Hilfsorganisation aus Nettetal Hisbollah blockiert Hilfe für Beirut

Nettetal · Zwischen Nettetal und Beirut wird jede Menge telefoniert. Die Hilfsorganisation Human plus sucht eine Lösung, einen Container mit Hilfsgütern nach Beirut zu schicken. Eine Zusammenarbeit mit der Hisbollah wird abgelehnt.

 Human-plus-Vorsitzender Anestis Ioannidis verlädt im Juli Paletten mit Nahrungsmitteln in einen türkischen Sattelschlepper, der anschließend die Hilfslieferung in den Norden Syriens brachte.
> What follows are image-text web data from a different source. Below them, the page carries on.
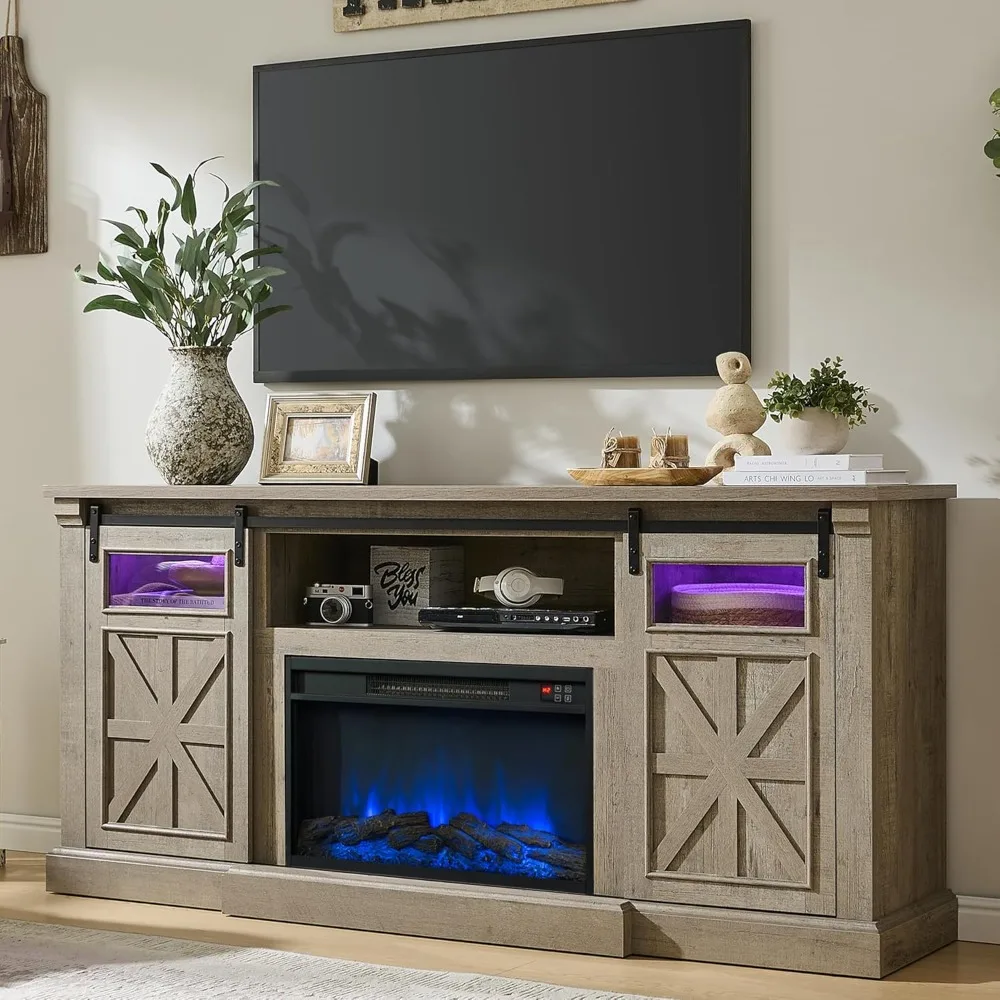 Fireplace Tv Stand … - image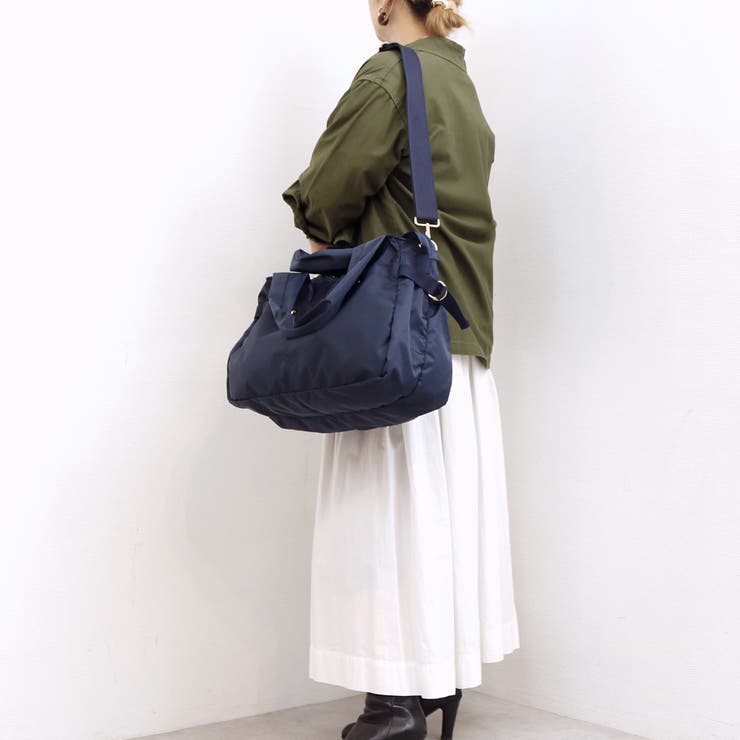 カシュカシュ cachecache / ナイロンタウン2wayボストンバッグ | UNBILLION | 詳細画像20 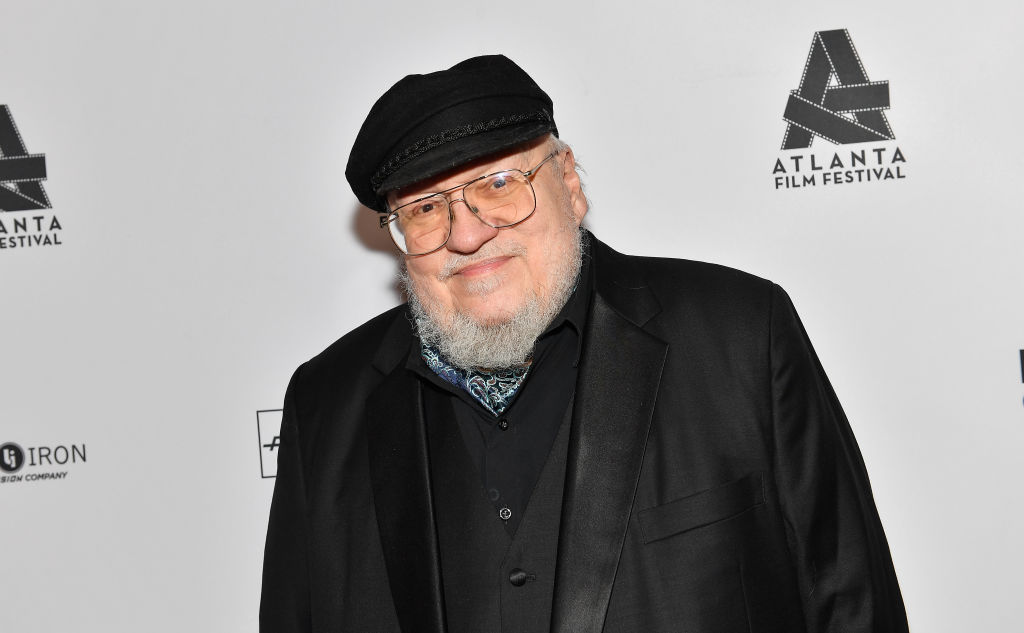 George R.R. Martin holds firm to his position: Dragons have two legs, not four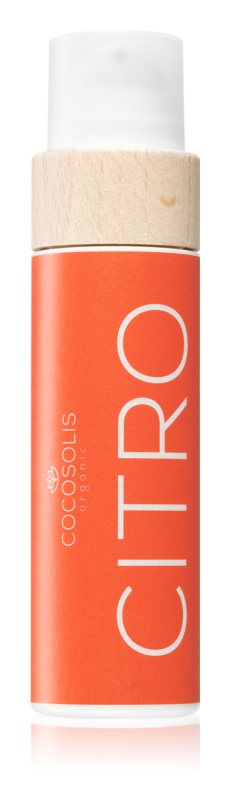 COCOSOLIS CITRO tanning oil without SPF Citrus Scent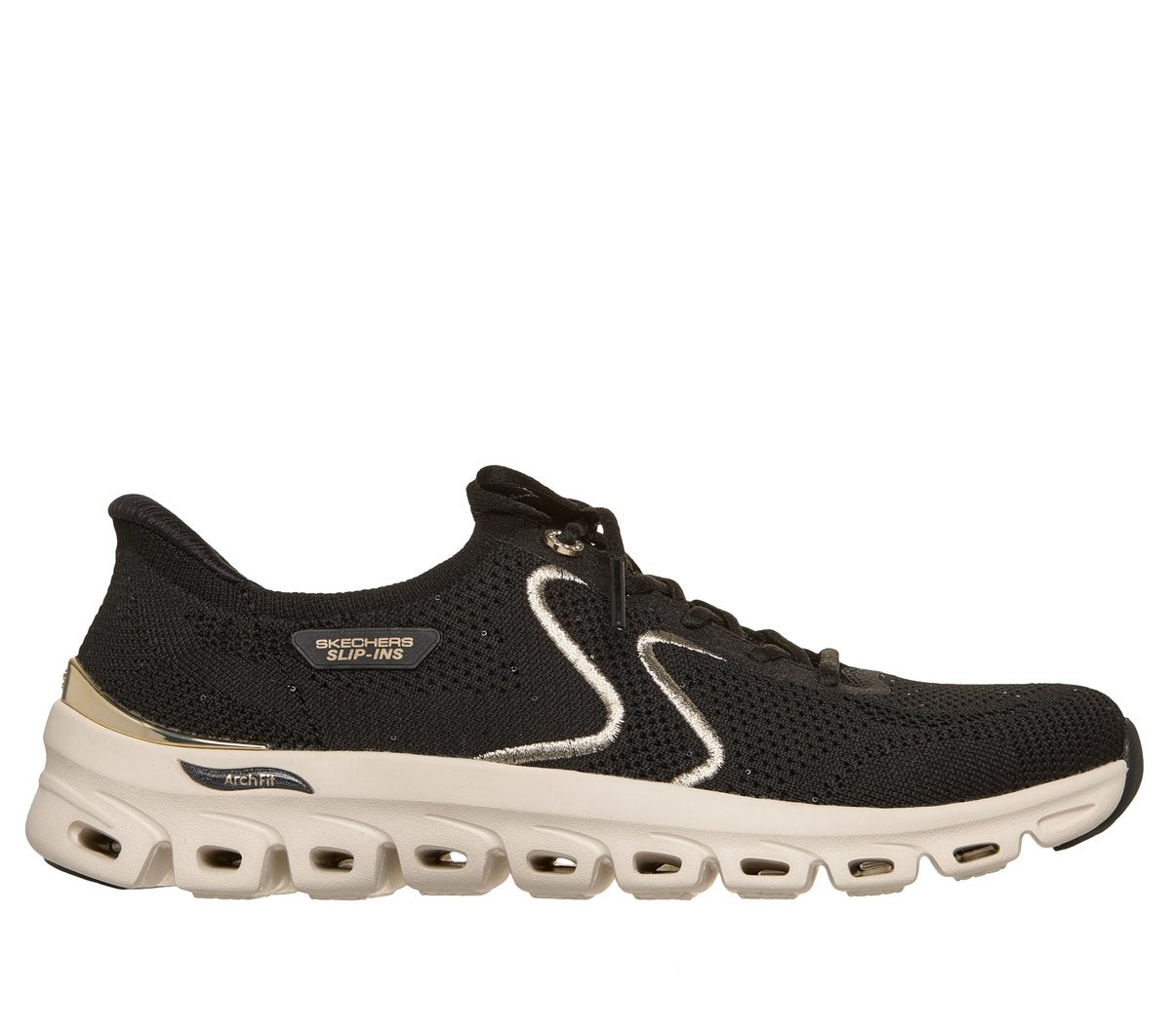 Skechers- Women Slip-ins Martha Stewart: Arch Fit Glide-Step Elevate - Perfectly Perfect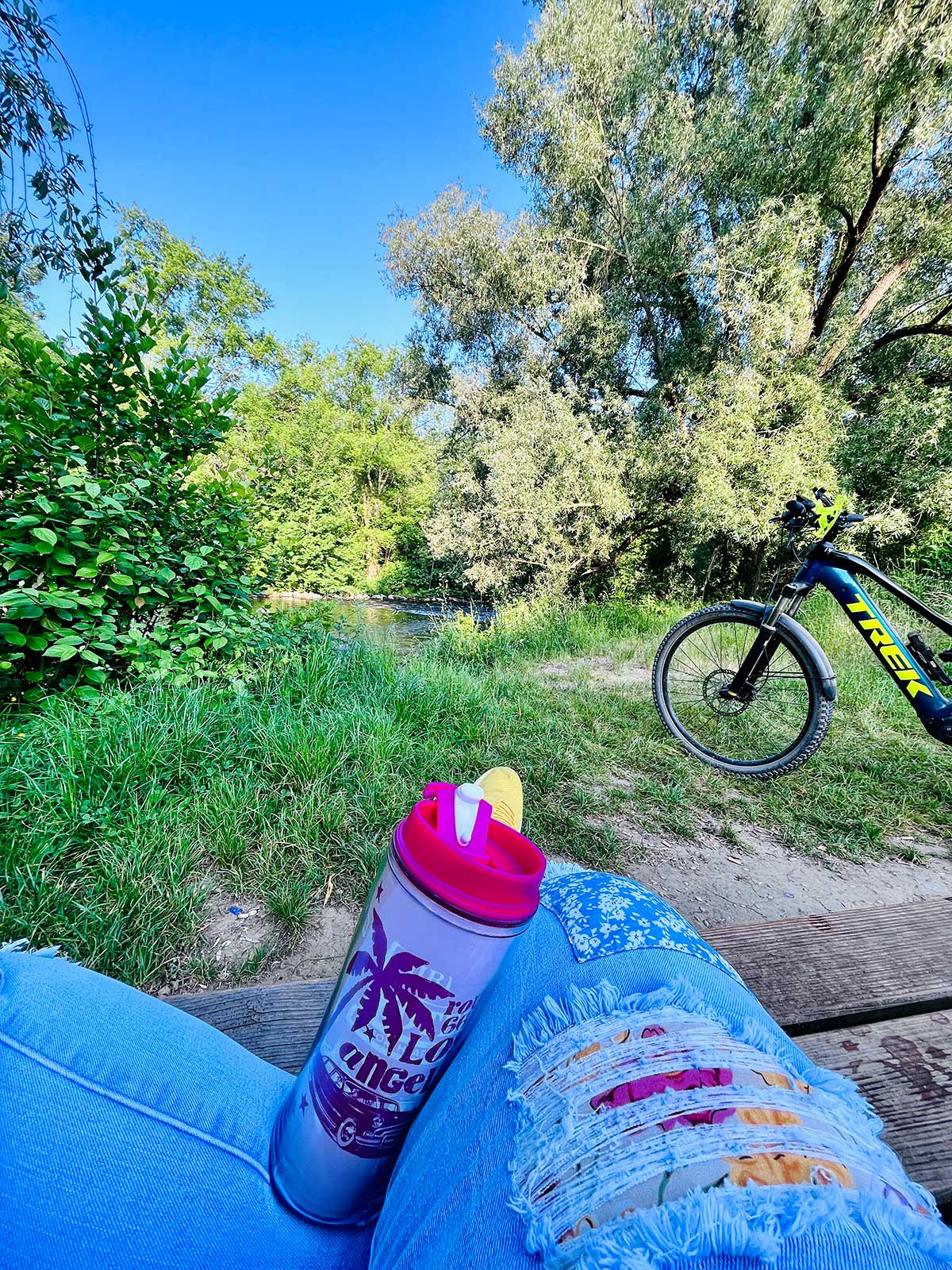 Me-Time in der Natur mit JobRad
Human-plus-Vorsitzender Anestis Ioannidis verlädt im Juli Paletten mit Nahrungsmitteln in einen türkischen Sattelschlepper, der anschließend die Hilfslieferung in den Norden Syriens brachte.

Foto: Heribert Brinkmann

Der Container mit Hilfsgütern für Beirut sollte schon längst auf dem Weg zum Mittelmeer sein. Aber die Kontaktleute der Nettetaler Hilfsorganisation Human plus vor Ort in Beirut gaben noch kein grünes Licht. Im Gespräch mit Anestis Ioannidis, dem Vorsitzenden von Human plus, wird der Grund klar: Die Hisbollah hat beim Hafen zur Bedingung gemacht, die Hilfslieferung selber verteilen zu wollen oder zumindest einen Teil einzubehalten. Das lehnt Ioannidis ab. Er will nicht mit der Hisbollah zusammenarbeiten und außerdem die Kontrolle über die Verteilung durch Vertrauensleute vor Ort behalten.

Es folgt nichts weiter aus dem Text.